**ASSIGNED TASK**
Reproduce word for word the lines between those holding "Awesome. Thank you" and "Hello, my name", inclusive, and nothing else from the data below.

**GIVEN DATA**
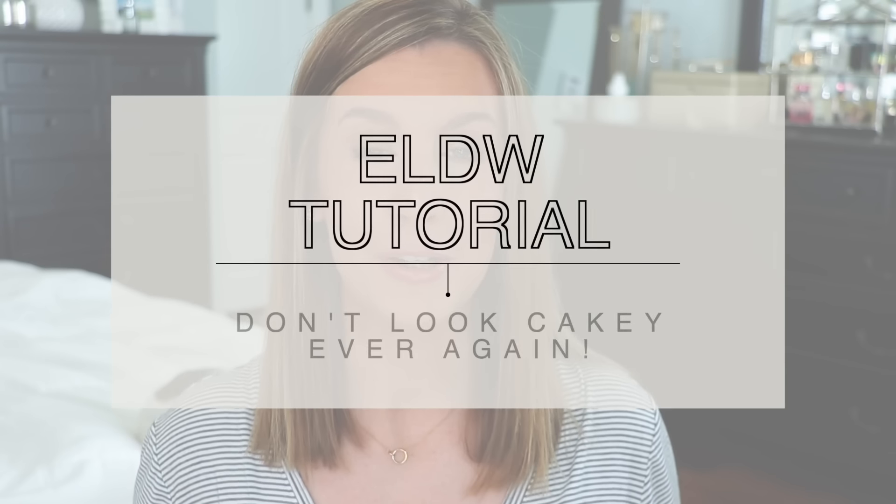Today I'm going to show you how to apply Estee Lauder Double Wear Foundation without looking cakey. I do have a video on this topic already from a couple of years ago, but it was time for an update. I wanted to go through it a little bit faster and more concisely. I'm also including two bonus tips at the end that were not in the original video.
==
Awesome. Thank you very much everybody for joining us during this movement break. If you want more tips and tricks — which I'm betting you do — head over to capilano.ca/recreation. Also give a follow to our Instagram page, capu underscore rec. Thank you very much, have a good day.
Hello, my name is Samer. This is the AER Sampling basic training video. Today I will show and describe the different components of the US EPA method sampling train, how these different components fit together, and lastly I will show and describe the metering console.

**SOLUTION TO THIS TASK**
Awesome. Thank you very much everybody for joining us during this movement break. If you want more tips and tricks — which I'm betting you do — head over to capilano.ca/recreation. Also give a follow to our Instagram page, capu underscore rec. Thank you very much, have a good day.
Hello, my name is Samer. This is the AER Sampling basic training video. Today I will show and describe the different components of the US EPA method sampling train, how these different components fit together, and lastly I will show and describe the metering console.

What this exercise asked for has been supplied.